2) Even though my brother wasn’t physically threatening, or explicitly intimidating me in the moment of the abuse, there was a very real threat for me – the loss of love and relationship (with him, and with my parents. I was sure my mom and dad would be furious.), the loss of identity (in my family, I was the “good girl” who never caused any problems. Telling anyone about what happened would change all that.), and the loss of the last bit of stability in my already unstable home. Those threats were real enough. So even though I may not have been scared of him in the immediate moment of the abuse, I was scared of the consequences of anyone finding out. So I played along not because I wanted sex, but because I wanted peace and stability and love. I don’t know what your family dynamics were like, or what the implicit threats were for you, but I’m guessing they were similar, and I’m sure they were there. There’s a threat for every kid who’s being abused – even if it’s just that it feels like the whole world will fall apart if you talk about any of it.

I hope this is helpful in some way. <3
 
I hope this is helpful in some way

It is really helpful, thank you. It helps to know this struggle is part of the process. It feels a little reassuring the threats aren't necessarily always direct or violent. During this time I think we were friendly, we played together. I am not sure when the violent behaviour began but after these sexual incidents stopped I lost any of the nicer times, if he engaged with me it would be through bullying or aggression.

1) Yes, it definitely feels that these things have shaped me and affected me deeply. Like you say I don't know what he was thinking or what his intentions were, but most often it felt like it was to hurt me, to be in control and to assert his power. It seems as he got older his sexual desire was paramount to any other thoughts of the situation, of right or wrong, or me. I want to feel healed from these experiences but I know that until I am able to except them as abuse I am always going to be held back. The gaps in my memories, the uncertainty in my emotions lead to doubt and huge fears of getting it wrong. I am trying, I am pushing harder than ever before but still struggling.

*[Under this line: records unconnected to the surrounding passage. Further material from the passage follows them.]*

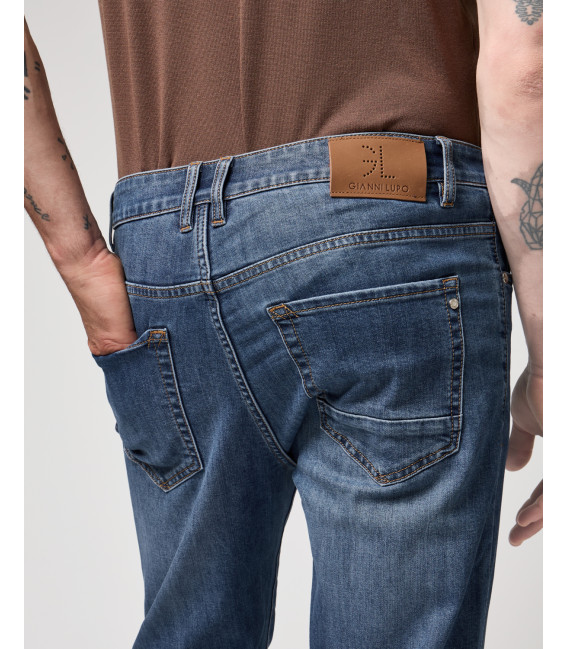 Jeans MIKE95 carrot fit con graffi medium wash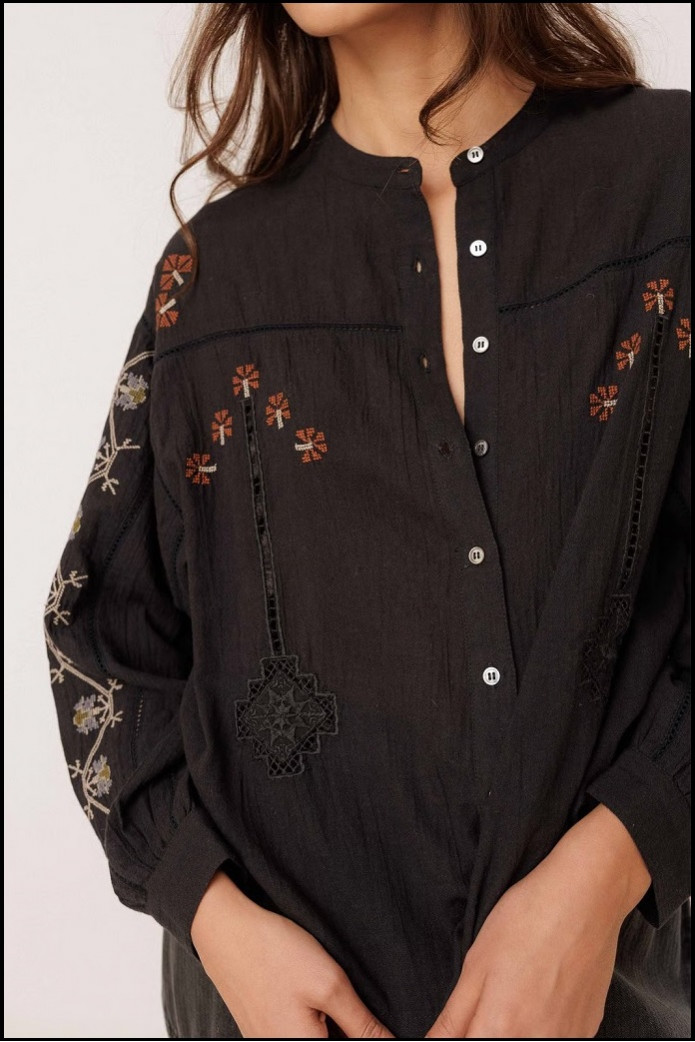 CAMISA BORDADOS NEGRO INDI&COLD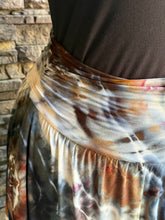 Load image into Gallery viewer, Women’s XL Geode Skirt with Ruched Waistband &amp; Pockets in ‘Pinot Sage’
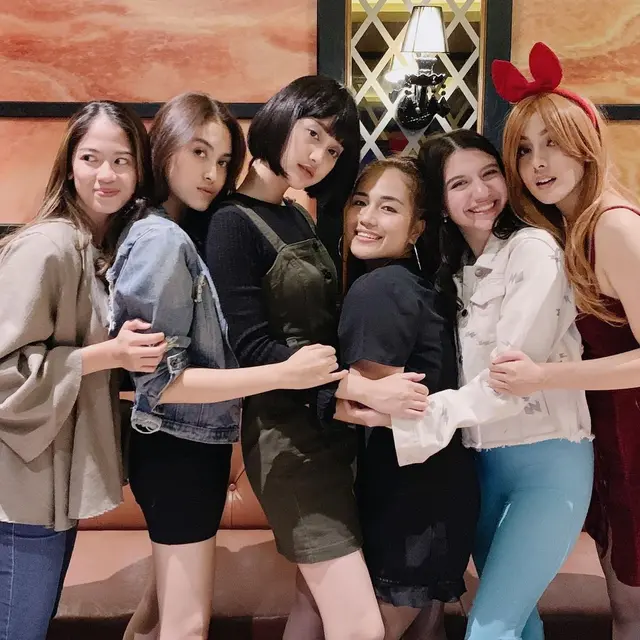 6 Potret Persahabatan Esta Pramanita, Nasya Marcella, dan Marcella Daryanani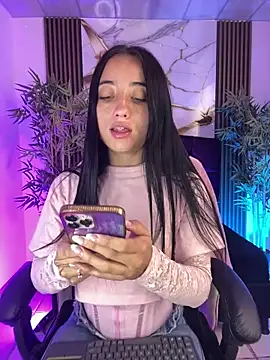 Ady 18 online show from February 1, 7:23 pm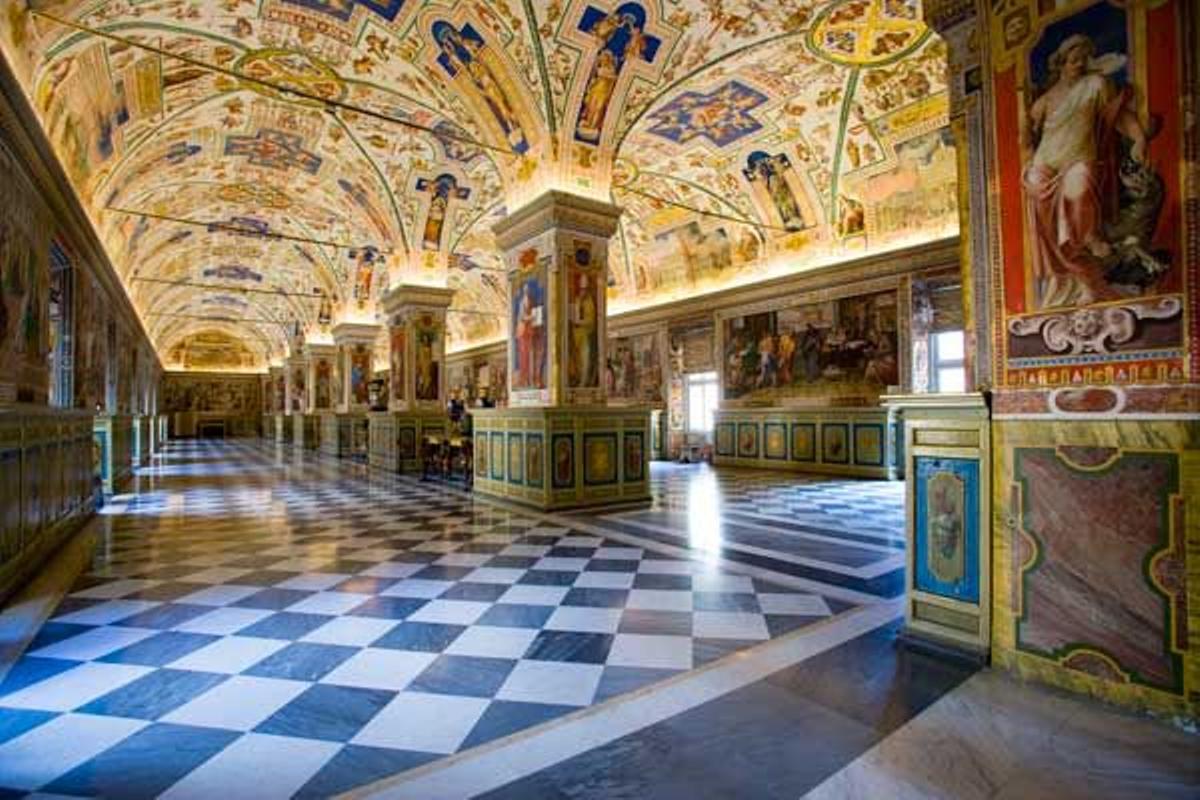 Una de las salas del interior de los Museos Vaticano.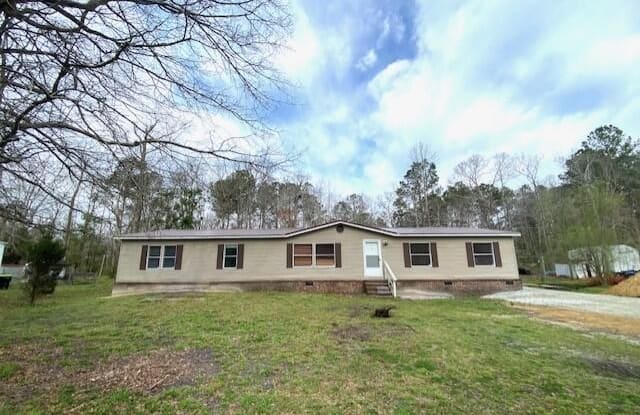 146 Lake Haven Drive - 146 Lake Haven Drive, Onslow County, NC 28460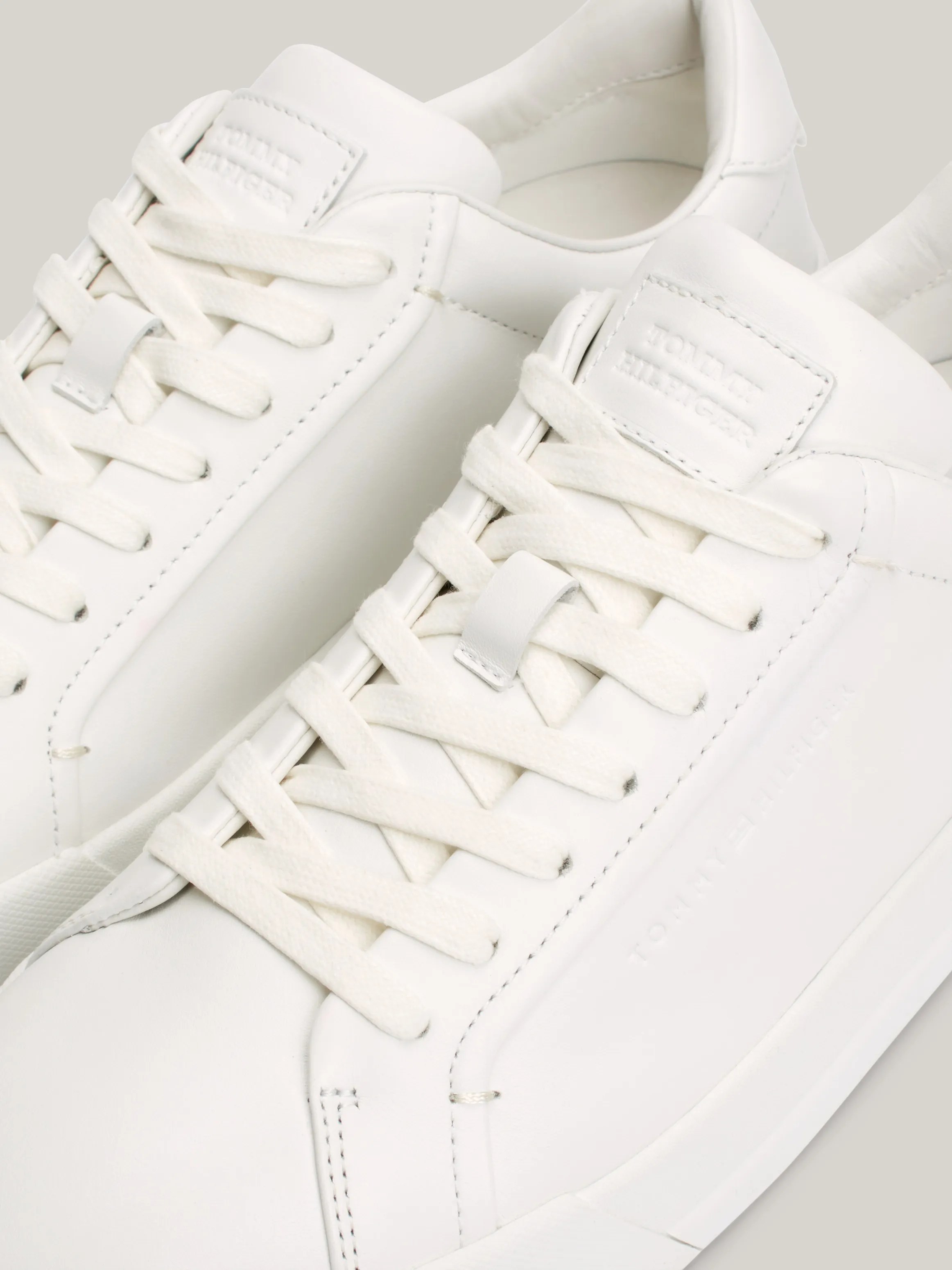 Premium Leather Court Trainers | Sneakers | Tommy Hilfiger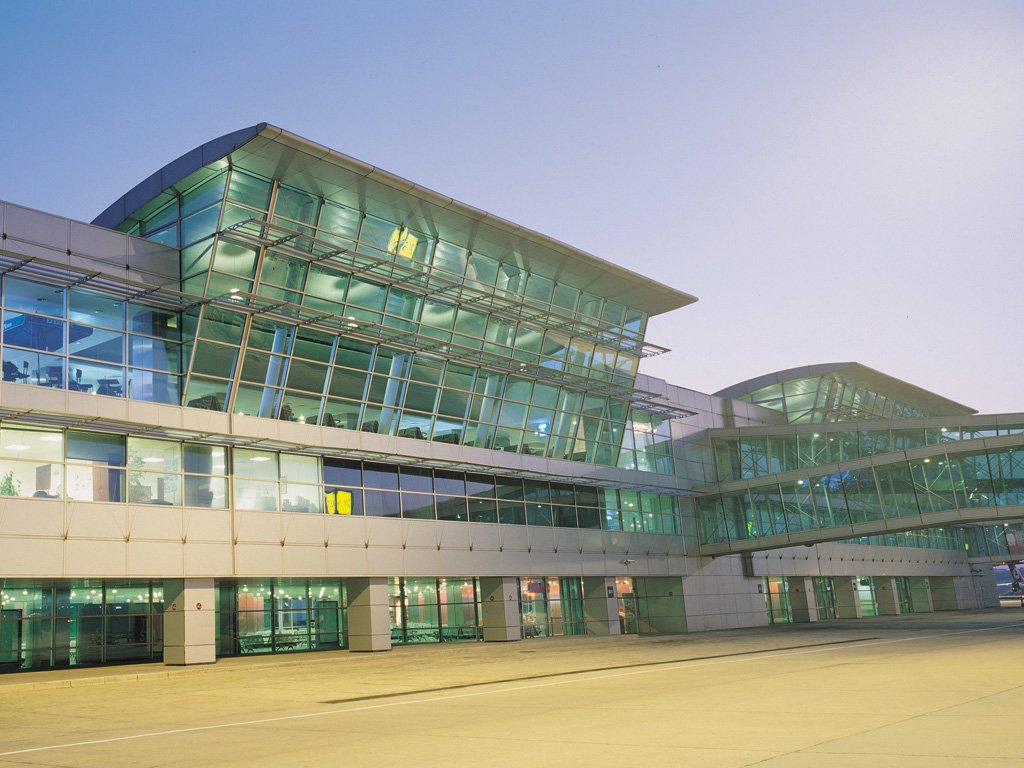 İSTANBUL ATATÜRK INTERNATIONAL AIRPORT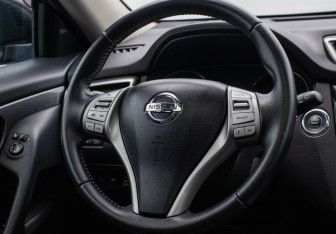 Подержанный автомобиль Nissan X-Trail 2016 года (15 фото)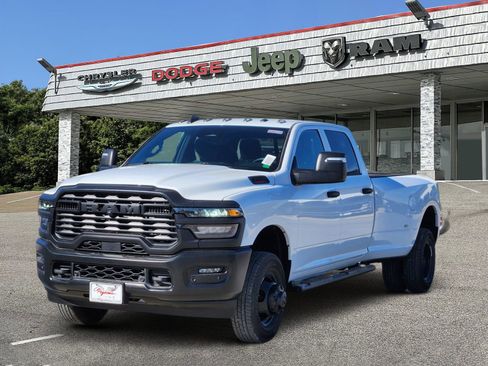 New 2026 RAM 3500 Tradesman image 2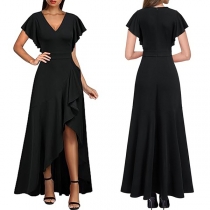 Elegant V-ringad kortärmad maxi klänning med hög volang och oregelbunden, med slits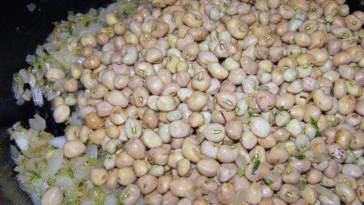 How do I know when to pick crowder peas?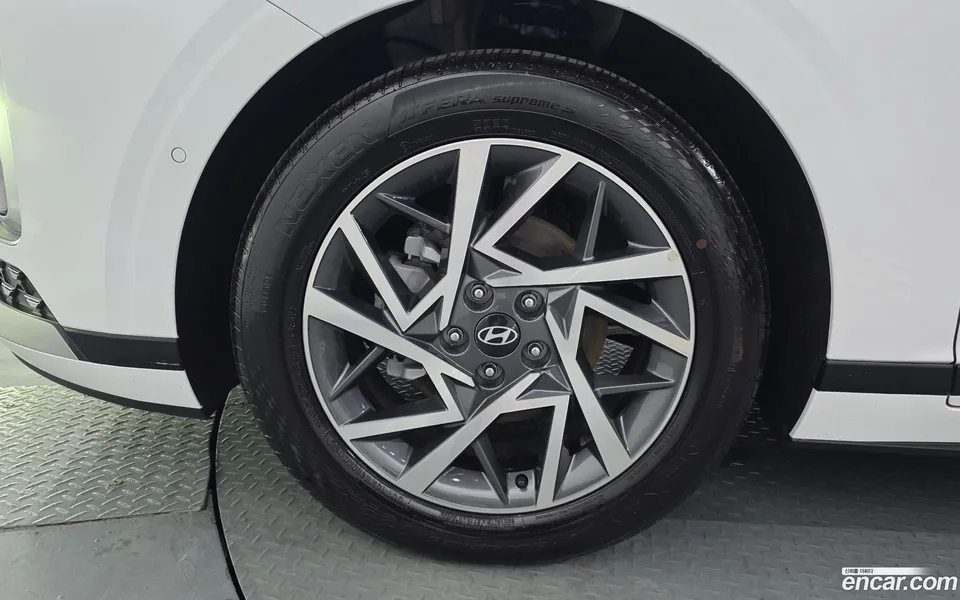 Hyundai Grandeur Hybrid 2025 — thumbnail 2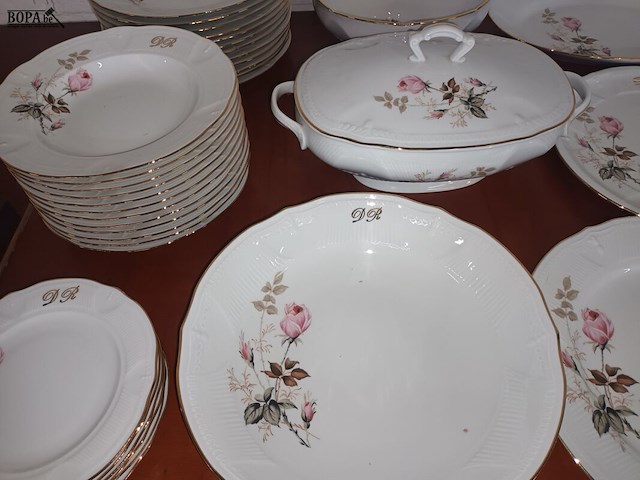 Lot 185 - koffie- en eetservies limoges. 50 stuks - afbeelding 6 van  6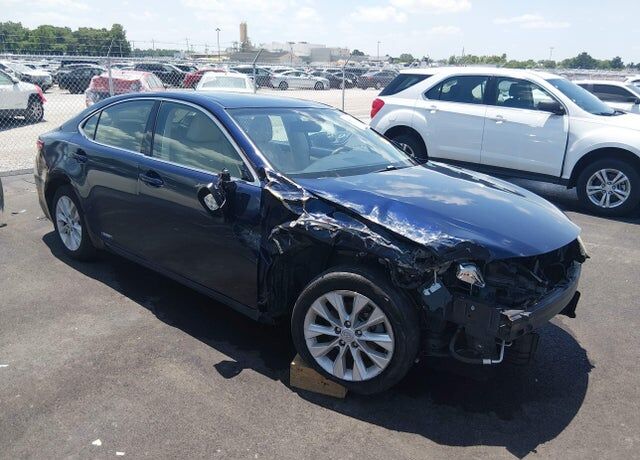 2014 LEXUS ES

2) These thoughts feel very conflicted. It felt that what was happening was very normal, I don't remember questioning it, I just went along with it, at the start there even could have been thoughts that it was fun, a grown up game. But at the same time I knew I definitely didn't want anyone to find out, there was a part of me that knew it was wrong, that I would get into trouble and I didn't want to upset anyone. Home was again very conflicted. On one hand very stable but on the other my dad had just left for another relationship, my mother found that unbearably hard, we all tried to carry on like nothing was happening. I don't remember it crossing my mind to tell anyone but the silence around when we were caught told me never to talk about it.

Even writing this sends my thoughts spiralling. I don't know what is true and what is not. I don't know which version of what happened is the right one.
 
Yeah, I totally get the not knowing and doubting your own validity and perspective. So many mixed emotions, and it seems like there's always a voice inside of you wispering "It's your fault. You wanted it. It wasn't abuse because you allowed it. It's your fault. You shouldn't be so upset." It's so hard. My heart goes out to you.

I've just had to practice talking back to that voice and I'm gradually learning to see those thoughts as products of abuse, not truth. For what it's worth, it sounds to me like you were abused for sure. Even if he didn't "mean to," even if you feel like you didn't react like you were being abused in the moment, the fact that he put his needs for sexual gratification above you makes it abusive. It sounds like he used you as a tool to gratify himself. To me, that's abuse. Additionally, since he kept it a secret, that's a sign that he knew it was wrong. So even if you thought of it as fun, a game, at first, it's still abuse. I'm so so sorry that it happened to you. And I'm sorry that it was a "don't ever talk about this" topic in your home. That just makes everything so much worse.